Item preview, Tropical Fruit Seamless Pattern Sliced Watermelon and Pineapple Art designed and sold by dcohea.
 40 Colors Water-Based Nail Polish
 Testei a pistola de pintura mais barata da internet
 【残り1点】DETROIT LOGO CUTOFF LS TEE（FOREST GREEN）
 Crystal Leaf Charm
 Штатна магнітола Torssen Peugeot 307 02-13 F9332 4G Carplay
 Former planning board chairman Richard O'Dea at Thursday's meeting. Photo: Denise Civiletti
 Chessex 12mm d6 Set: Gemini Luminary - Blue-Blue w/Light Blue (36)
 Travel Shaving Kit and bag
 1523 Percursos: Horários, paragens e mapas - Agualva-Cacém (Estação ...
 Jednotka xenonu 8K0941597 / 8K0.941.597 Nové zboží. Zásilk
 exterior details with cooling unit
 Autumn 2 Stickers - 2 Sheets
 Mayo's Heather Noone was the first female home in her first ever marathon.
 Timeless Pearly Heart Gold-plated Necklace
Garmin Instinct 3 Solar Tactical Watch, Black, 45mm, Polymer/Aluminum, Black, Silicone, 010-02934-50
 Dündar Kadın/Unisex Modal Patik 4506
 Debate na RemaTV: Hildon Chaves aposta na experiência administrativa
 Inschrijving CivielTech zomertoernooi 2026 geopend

■ DIRECTIONS FOR THIS TASK ■
Repeat exactly the lines from the one containing "40 Colors Water-Based Nail Polish" through the last line of the records above, both included, and nothing else.

■ TASK OUTPUT ■
 40 Colors Water-Based Nail Polish
 Testei a pistola de pintura mais barata da internet
 【残り1点】DETROIT LOGO CUTOFF LS TEE（FOREST GREEN）
 Crystal Leaf Charm
 Штатна магнітола Torssen Peugeot 307 02-13 F9332 4G Carplay
 Former planning board chairman Richard O'Dea at Thursday's meeting. Photo: Denise Civiletti
 Chessex 12mm d6 Set: Gemini Luminary - Blue-Blue w/Light Blue (36)
 Travel Shaving Kit and bag
 1523 Percursos: Horários, paragens e mapas - Agualva-Cacém (Estação ...
 Jednotka xenonu 8K0941597 / 8K0.941.597 Nové zboží. Zásilk
 exterior details with cooling unit
 Autumn 2 Stickers - 2 Sheets
 Mayo's Heather Noone was the first female home in her first ever marathon.
 Timeless Pearly Heart Gold-plated Necklace
Garmin Instinct 3 Solar Tactical Watch, Black, 45mm, Polymer/Aluminum, Black, Silicone, 010-02934-50
 Dündar Kadın/Unisex Modal Patik 4506
 Debate na RemaTV: Hildon Chaves aposta na experiência administrativa
 Inschrijving CivielTech zomertoernooi 2026 geopend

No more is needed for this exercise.